Kata Mas Aar, justru karena waktu itu kami masih Islam, maka nggak apa-apa. Sebab, waktu itu pengajaran Tuhan memang dimaksudkan untuk meretas jalan hubungan Islam-Kristen yang lapang. Tapi karena kami sekarang sudah bukan Islam, tapi berkeyakinan netral sebagaimana nabi Ibrahim, Mas Aar menjaga agar orang tidak berasumsi yang tidak-tidak ketika melihat jilbabku.
Pada waktu itu aku masih keberatan membuka jilbabku. Aku betul-betul tidak merasa bermasalah dengan penutup kepalaku ini. Mau dibilang apa juga rasanya aku nggak peduli. Tapi karena Mas Aar terus mendesak, akhirnya aku berkompromi hanya menutup kepalaku dengan scarf (masih kelihatan kupingnya) seperti orang Gipsy.
Ternyata penutup kepala itu memang menimbulkan "masalah". Walau mereka (sahabatku dan teman-teman gerejanya) menyambut kami dengan sangat baik, tapi aku sempat diberondong beragam pertanyaan. Dan sebenarnya yang paling membuatku tidak nyaman dengan jilbabku ini adalah karena kemudian pembicaraan itu sering dimulai dengan, "Saya dulu juga orang Islam, tapi setelah saya percaya .....dst".
No matter how hard I try to tell them bahwa aku ini seorang Spiritualis dan "Bukan Orang Islam", tetap saja mereka melihat aku sebagai orang Islam.
Walaupun aku berusaha mempersingkat percakapan dan beralih ke orang lain, eeeh... orang yang lain itu juga menyangka aku orang Islam. Yah karena jilbabku ini mungkin...

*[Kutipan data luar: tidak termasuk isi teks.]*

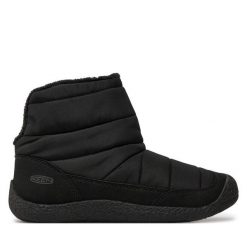 Botki Keen. Czarne botki Keen, bez wzorów, bez obcasa, na płaskiej podeszwie, bez zapięcia. Za 259.99 zł.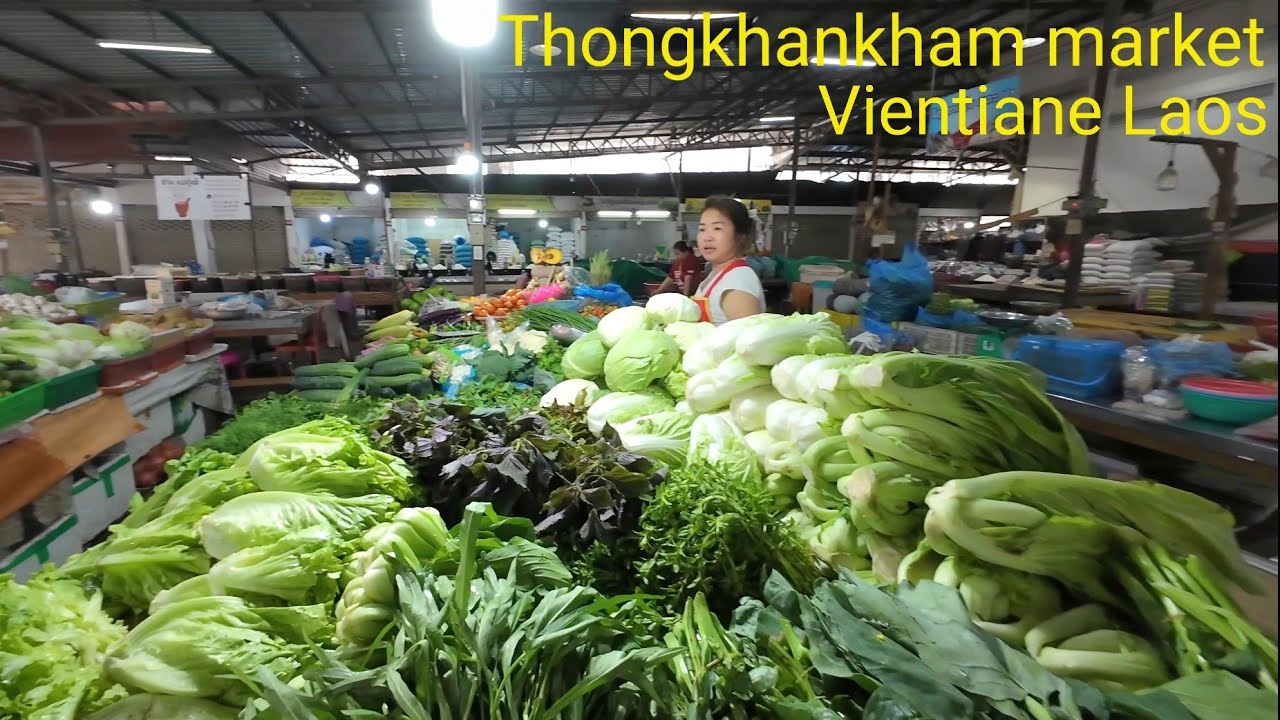 Buying groceries at Thongkhankham market. Support our locals in Vientiane, Laos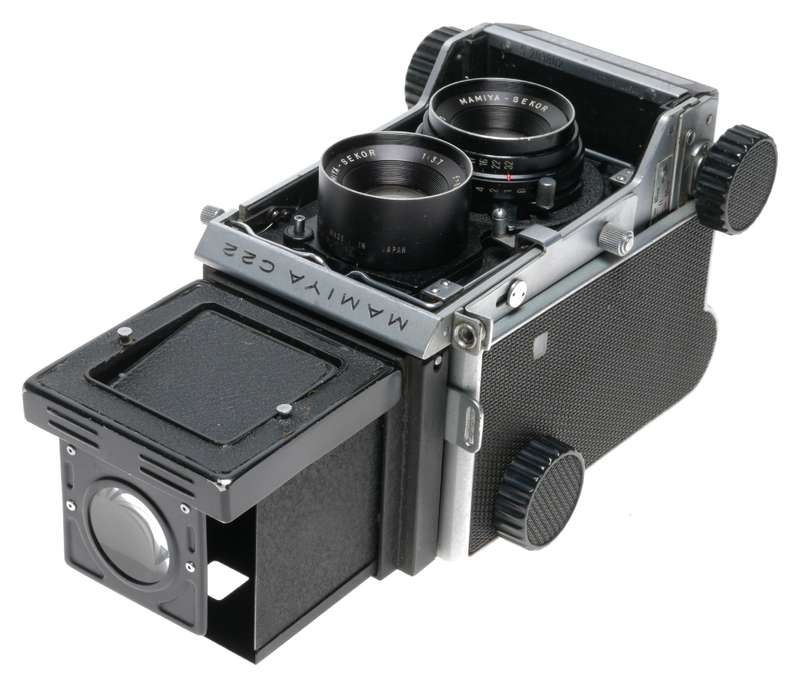 Mamiya C22 Professional TLR Bellows Film Camera Sekor 3.7/80mm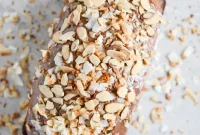 Almond Joy Pound Cake with Rum and Chocolate Drizzle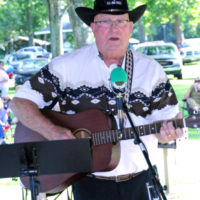 Tom Silveous at the 2021 Blissfield Bluegrass on the River (8/14/21) - photo © Bill Warren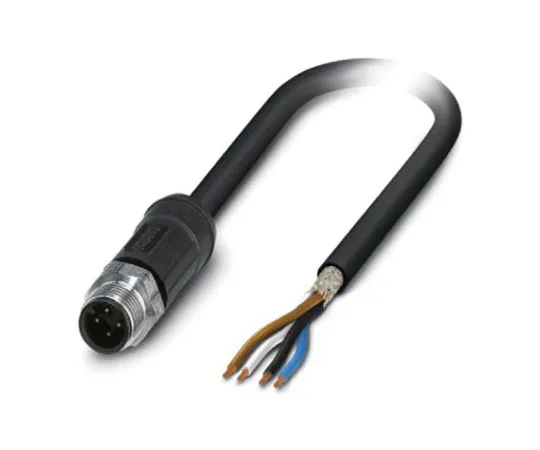 64-1583-44　Phoenix Contact M12 4-Pin Male Cable & Connector　1454121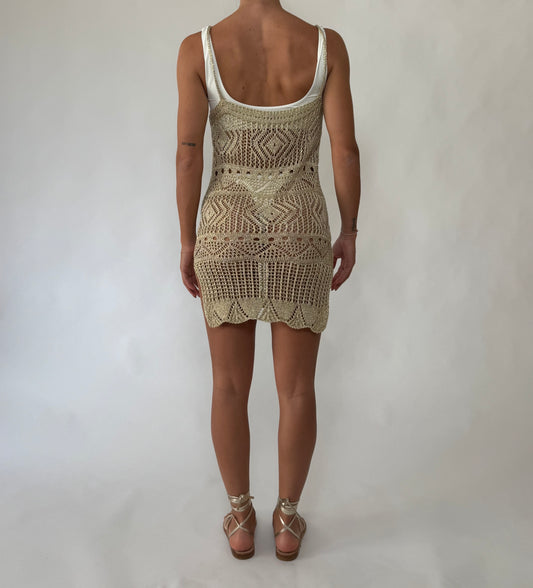 Abitino Crochet lurex Oro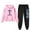 Pink, variant on Trapstar Kids Hoodies Sets Long Sleeve Graphic Sweatshirts for Boys Girls Loose Trapstar Street Pullover Sweatshirts+Sweatpants Kids Set of 2 Classic Sweatshirts Sets(Pink, 130)
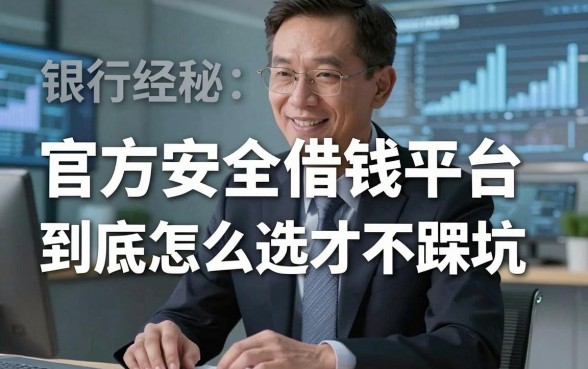 银行经理揭秘：官方安全借钱平台到底怎么选才不踩坑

Ternyata, aku peduli dengan komentar itu. Mereka memang tidak mempertanyakan mengapa aku berjilbab padahal bukan Islam. Tapi pandangan kawan-kawan non-muslim bahwa jilbab itu adalah simbol Islam itu yang membuatku sadar bahwa suka tidak suka, mau tidak mau, saat ini jilbab memang sudah sangat lekat menjadi simbol umat Islam dan akan menjadi pembatas bagiku untuk dapat menyatu dengan sahabat-sahabatku yang bukan Islam.

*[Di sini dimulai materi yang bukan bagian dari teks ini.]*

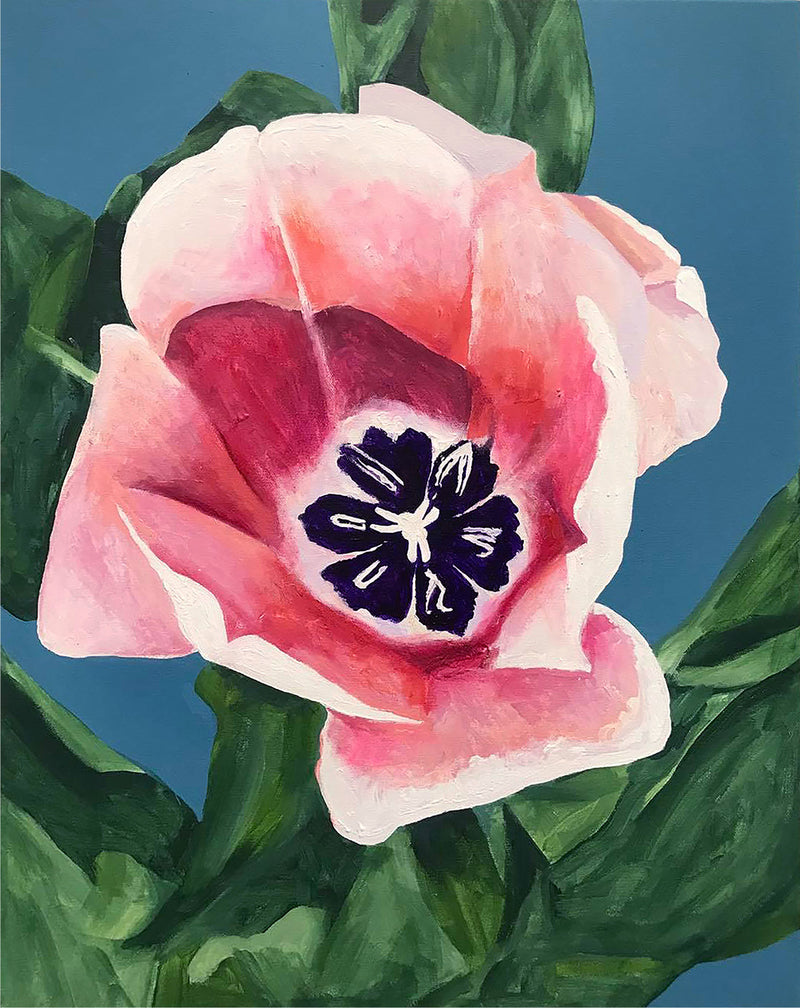 CHARLES PACHTER "MY TULIP" ACRYLIC ON CANVAS, 2021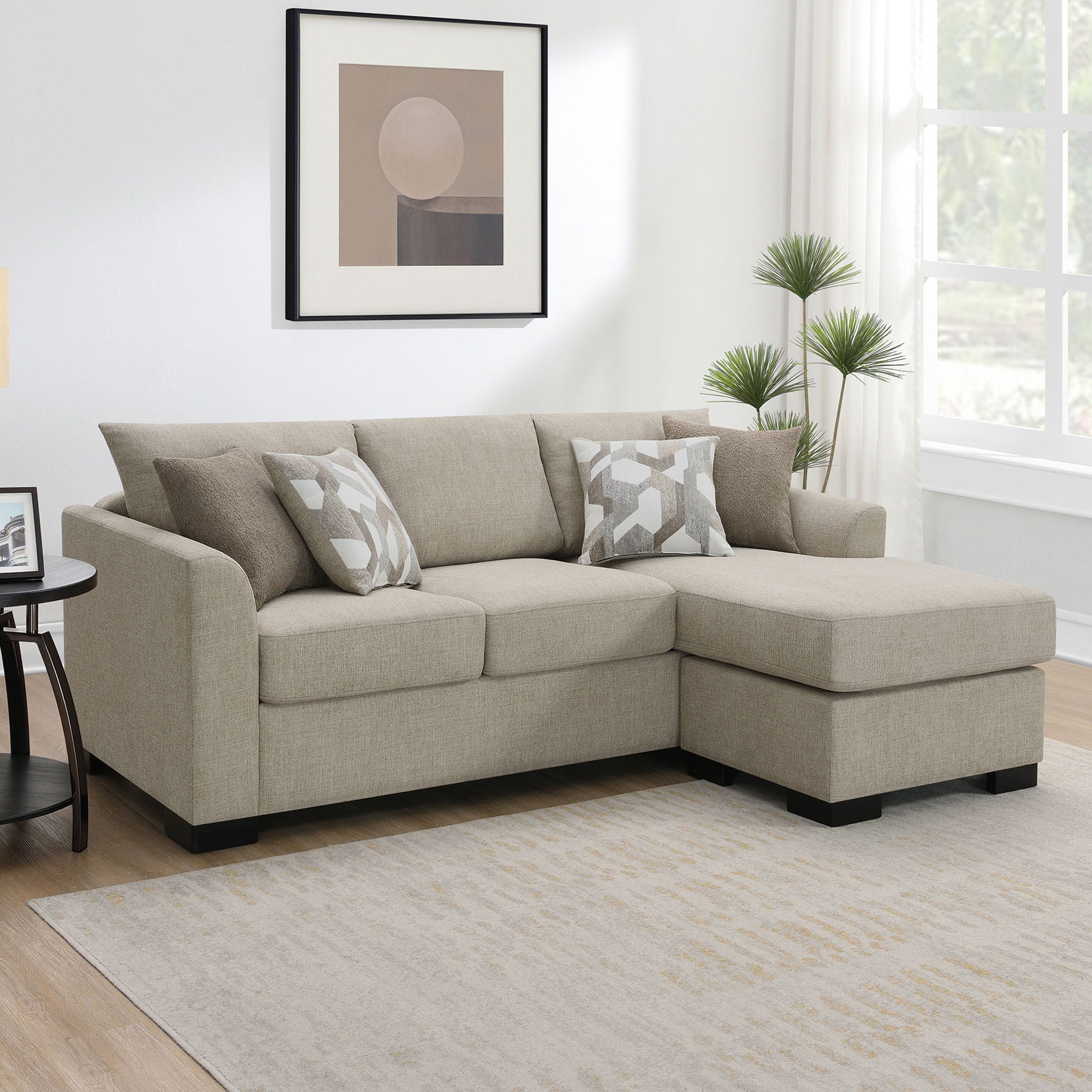 Pacheco - Sleeper Sectional Chaise Sofa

Ternyata, seakrab apapun hubunganku dengan teman-teman non-Islam, jilbab yang kupakai itu tetap akan menimbulkan jarak.
Bila aku bernyanyi dan menyebut-nyebut '
Haleluya',
'Puji Tuhan' atau menyapa dengan '
om santi santi om', tetap saja umat non-Islam itu merasa salam itu diucapkan oleh seorang Islam.
Atau, orang Islam yang melihat sambil lalu bisa jadi akan merasa tersinggung dan marah karena orang berjilbab kok ngomong begitu.
Nanti aku dikenai pasal penodaan agama pula seperti Bunda dan Yang Mulia
Tapi aku sih sebenarnya nggak terlalu peduli apa kata orang. Aku juga nggak terlalu risau dengan resiko saat aku menjalani apa-apa yang aku yakini sebagai kebenaran dari Tuhan. Tapi ketika kebenaran dan kepentingan pribadiku berbenturan dengan kehendak-Nya, sudah waktunya aku untuk merenungkan kembali kebenaranku.
Balik lagi ke masalah jilbab, aku sebenarnya masih senang memakai jilbab karena banyak alasan seperti yang sudah kutuliskan. Tetapi ketika jilbab itu menjadi penghalang untuk menyampaikan pesan-pesan Tuhan untuk seluruh umat manusia, maka sudah saatnya aku merenungkan kembali alasanku memakai jilbab. Ketika Malaikat Jibril mengajarkan di Eden mengenai perdamaian antar-kelompok agama yang sangat diprioritaskan Tuhan, ketika aku diberi tanggung jawab untuk menyanyikan pesan-pesan Tuhan untuk semua umat beragama, maka semua kepentingan pribadi yang menghalangi misi Tuhan itu harus dapat kukalahkan.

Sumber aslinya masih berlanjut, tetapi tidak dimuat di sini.